WORK TO COMPLETE = The records below are to be repeated exactly, minus any pictures.

Pictures with short captions
┏━━
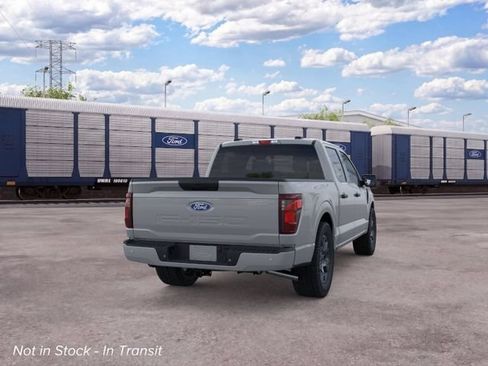 New 2026 Ford F150 STX w/ Equipment Group 200A RWD image 8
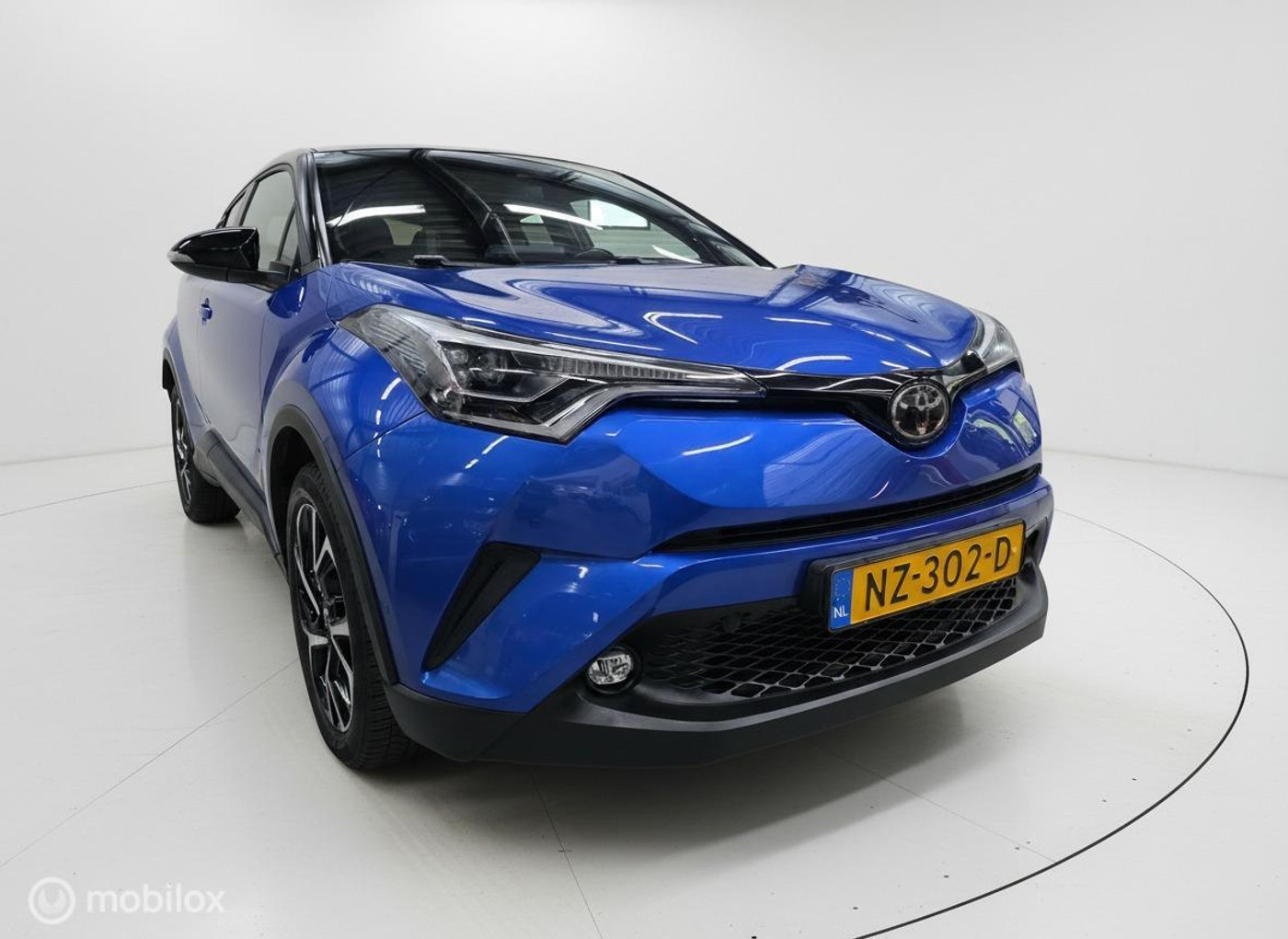 Foto van Toyota Toyota C-hr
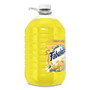 Fabuloso Multi-use Cleaner, Lemon Scent, 169 oz Bottle, 3/Carton (CPC96987) View Product Image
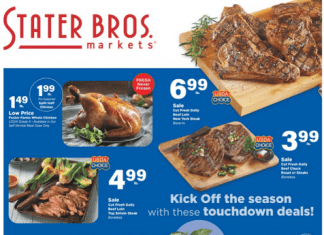 Stater Bros Weekly Ad Sep 14 – Sep 20, 2022
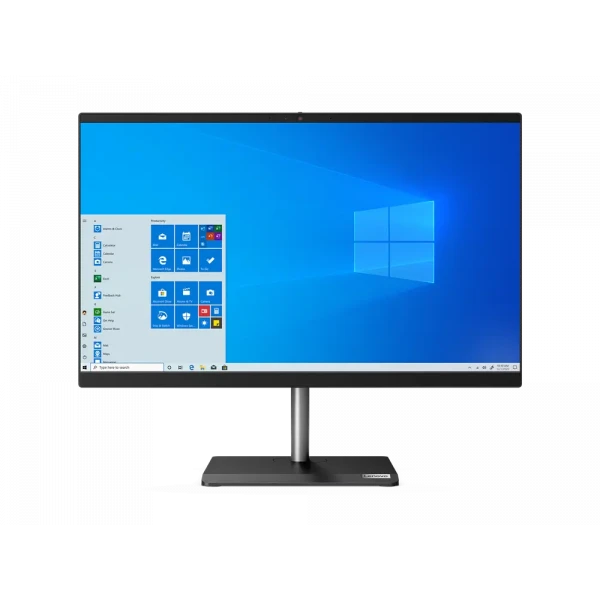Моноблок Lenovo V30a 24IIL AIO, 23,8, Intel Core i3-1005G1, 8Гб/256Гб, Без ОС, Чёрный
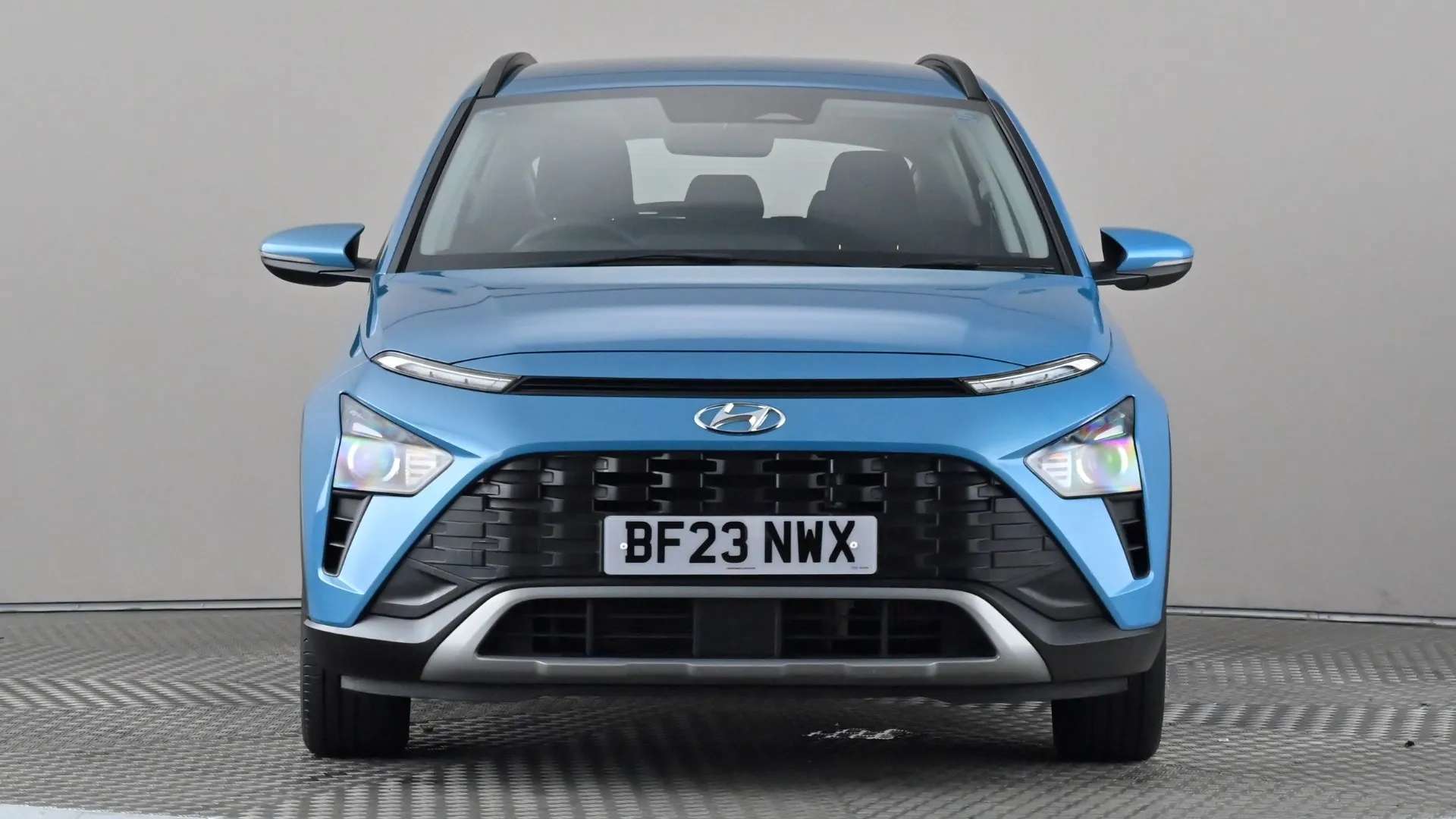 A 2023 HYUNDAI BAYON 1.0 TGDi 48V MHEV SE Connect A 2023 HYUNDAI BAYON 1.0 TGDi 48V MHEV SE Connect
┗━━
SOLUTION =
 New 2026 Ford F150 STX w/ Equipment Group 200A RWD image 8
 Foto van Toyota Toyota C-hr
 Fabuloso Multi-use Cleaner, Lemon Scent, 169 oz Bottle, 3/Carton (CPC96987) View Product Image
 Stater Bros Weekly Ad Sep 14 – Sep 20, 2022
Моноблок Lenovo V30a 24IIL AIO, 23,8, Intel Core i3-1005G1, 8Гб/256Гб, Без ОС, Чёрный
 A 2023 HYUNDAI BAYON 1.0 TGDi 48V MHEV SE Connect A 2023 HYUNDAI BAYON 1.0 TGDi 48V MHEV SE Connect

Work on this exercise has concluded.